## Requirement
When the line containing "Korean Mushroom Hot Pot (Beoseot Jeongol)" is found in the data below, copy it and each line after it through the line containing "Old Mobile Phone", exactly and with no others.

## Dataset excerpts
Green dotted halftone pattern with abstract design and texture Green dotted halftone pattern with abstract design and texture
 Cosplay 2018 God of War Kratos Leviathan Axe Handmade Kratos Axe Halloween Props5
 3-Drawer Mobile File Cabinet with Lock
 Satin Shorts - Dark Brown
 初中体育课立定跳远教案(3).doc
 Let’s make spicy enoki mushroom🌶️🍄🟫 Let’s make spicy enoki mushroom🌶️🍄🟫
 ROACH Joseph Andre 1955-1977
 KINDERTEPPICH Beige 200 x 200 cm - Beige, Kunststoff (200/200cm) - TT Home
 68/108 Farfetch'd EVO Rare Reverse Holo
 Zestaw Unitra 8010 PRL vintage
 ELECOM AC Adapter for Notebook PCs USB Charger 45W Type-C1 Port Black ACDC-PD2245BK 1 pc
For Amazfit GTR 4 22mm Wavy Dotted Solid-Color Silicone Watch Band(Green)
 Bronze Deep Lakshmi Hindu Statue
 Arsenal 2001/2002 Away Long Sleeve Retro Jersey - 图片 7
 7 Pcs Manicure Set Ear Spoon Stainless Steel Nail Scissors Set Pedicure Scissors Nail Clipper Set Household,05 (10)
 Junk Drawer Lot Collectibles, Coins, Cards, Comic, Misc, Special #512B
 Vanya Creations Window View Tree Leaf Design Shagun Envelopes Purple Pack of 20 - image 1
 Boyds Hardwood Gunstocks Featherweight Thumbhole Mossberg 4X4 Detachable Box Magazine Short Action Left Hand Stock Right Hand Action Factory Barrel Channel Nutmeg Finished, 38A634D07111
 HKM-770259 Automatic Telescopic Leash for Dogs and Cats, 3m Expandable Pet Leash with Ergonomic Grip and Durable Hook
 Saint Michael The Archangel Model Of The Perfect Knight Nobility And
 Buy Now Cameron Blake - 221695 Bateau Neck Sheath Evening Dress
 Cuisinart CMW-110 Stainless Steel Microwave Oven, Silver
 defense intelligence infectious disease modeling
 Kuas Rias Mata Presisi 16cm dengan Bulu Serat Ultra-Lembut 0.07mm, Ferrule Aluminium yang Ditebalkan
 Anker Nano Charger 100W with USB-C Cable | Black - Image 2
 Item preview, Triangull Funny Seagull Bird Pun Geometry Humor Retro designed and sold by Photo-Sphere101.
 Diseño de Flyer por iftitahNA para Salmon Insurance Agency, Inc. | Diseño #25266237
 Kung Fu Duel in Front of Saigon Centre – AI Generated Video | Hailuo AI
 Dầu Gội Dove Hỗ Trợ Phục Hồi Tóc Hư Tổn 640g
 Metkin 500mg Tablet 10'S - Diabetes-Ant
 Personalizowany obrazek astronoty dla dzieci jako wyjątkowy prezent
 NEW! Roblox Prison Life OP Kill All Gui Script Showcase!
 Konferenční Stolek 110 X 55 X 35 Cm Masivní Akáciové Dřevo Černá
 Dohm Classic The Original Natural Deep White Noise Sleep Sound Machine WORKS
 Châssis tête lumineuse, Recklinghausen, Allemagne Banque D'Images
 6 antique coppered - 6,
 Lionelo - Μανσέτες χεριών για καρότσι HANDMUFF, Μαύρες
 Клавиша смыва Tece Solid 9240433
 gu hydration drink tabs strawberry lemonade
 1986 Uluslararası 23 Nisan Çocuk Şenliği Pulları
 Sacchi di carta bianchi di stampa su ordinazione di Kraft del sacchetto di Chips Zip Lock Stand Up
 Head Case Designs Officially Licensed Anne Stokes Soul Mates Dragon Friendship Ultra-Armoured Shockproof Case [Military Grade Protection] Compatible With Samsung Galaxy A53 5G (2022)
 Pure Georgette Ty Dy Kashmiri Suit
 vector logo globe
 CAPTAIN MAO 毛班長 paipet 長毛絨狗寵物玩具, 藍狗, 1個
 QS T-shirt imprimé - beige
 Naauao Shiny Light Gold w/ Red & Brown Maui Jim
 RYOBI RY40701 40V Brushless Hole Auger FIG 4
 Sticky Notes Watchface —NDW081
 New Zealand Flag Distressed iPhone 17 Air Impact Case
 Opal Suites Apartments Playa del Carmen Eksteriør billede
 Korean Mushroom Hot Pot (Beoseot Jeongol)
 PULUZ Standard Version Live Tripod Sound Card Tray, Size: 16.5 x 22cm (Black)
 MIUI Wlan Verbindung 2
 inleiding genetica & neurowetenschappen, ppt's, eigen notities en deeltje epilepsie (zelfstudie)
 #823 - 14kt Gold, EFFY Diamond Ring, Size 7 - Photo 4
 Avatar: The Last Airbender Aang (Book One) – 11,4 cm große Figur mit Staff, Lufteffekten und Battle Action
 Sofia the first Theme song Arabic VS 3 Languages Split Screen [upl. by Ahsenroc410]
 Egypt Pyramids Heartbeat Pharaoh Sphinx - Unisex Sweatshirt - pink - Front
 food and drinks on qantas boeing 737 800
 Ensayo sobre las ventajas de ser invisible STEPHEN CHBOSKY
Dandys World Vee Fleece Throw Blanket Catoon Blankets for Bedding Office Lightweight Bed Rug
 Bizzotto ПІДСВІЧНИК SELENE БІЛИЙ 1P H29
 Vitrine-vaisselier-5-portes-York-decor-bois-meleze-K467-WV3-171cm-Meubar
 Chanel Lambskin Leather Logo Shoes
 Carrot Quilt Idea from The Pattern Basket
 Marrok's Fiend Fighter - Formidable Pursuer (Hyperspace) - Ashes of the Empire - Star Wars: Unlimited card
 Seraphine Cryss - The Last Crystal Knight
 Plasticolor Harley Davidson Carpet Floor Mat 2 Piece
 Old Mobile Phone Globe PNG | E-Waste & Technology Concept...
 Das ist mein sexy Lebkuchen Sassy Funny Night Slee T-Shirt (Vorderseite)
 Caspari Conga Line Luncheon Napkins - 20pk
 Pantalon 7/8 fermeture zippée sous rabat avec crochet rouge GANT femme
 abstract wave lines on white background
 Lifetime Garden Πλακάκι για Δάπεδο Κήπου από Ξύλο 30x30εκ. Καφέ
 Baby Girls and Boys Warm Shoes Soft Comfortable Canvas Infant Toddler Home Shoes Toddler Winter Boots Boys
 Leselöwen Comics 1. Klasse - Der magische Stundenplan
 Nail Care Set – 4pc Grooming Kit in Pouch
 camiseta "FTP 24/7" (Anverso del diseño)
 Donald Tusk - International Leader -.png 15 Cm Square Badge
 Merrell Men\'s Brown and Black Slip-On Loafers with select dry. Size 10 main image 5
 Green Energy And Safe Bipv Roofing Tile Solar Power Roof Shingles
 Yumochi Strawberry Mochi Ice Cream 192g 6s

## Task output
 Korean Mushroom Hot Pot (Beoseot Jeongol)
 PULUZ Standard Version Live Tripod Sound Card Tray, Size: 16.5 x 22cm (Black)
 MIUI Wlan Verbindung 2
 inleiding genetica & neurowetenschappen, ppt's, eigen notities en deeltje epilepsie (zelfstudie)
 #823 - 14kt Gold, EFFY Diamond Ring, Size 7 - Photo 4
 Avatar: The Last Airbender Aang (Book One) – 11,4 cm große Figur mit Staff, Lufteffekten und Battle Action
 Sofia the first Theme song Arabic VS 3 Languages Split Screen [upl. by Ahsenroc410]
 Egypt Pyramids Heartbeat Pharaoh Sphinx - Unisex Sweatshirt - pink - Front
 food and drinks on qantas boeing 737 800
 Ensayo sobre las ventajas de ser invisible STEPHEN CHBOSKY
Dandys World Vee Fleece Throw Blanket Catoon Blankets for Bedding Office Lightweight Bed Rug
 Bizzotto ПІДСВІЧНИК SELENE БІЛИЙ 1P H29
 Vitrine-vaisselier-5-portes-York-decor-bois-meleze-K467-WV3-171cm-Meubar
 Chanel Lambskin Leather Logo Shoes
 Carrot Quilt Idea from The Pattern Basket
 Marrok's Fiend Fighter - Formidable Pursuer (Hyperspace) - Ashes of the Empire - Star Wars: Unlimited card
 Seraphine Cryss - The Last Crystal Knight
 Plasticolor Harley Davidson Carpet Floor Mat 2 Piece
 Old Mobile Phone Globe PNG | E-Waste & Technology Concept...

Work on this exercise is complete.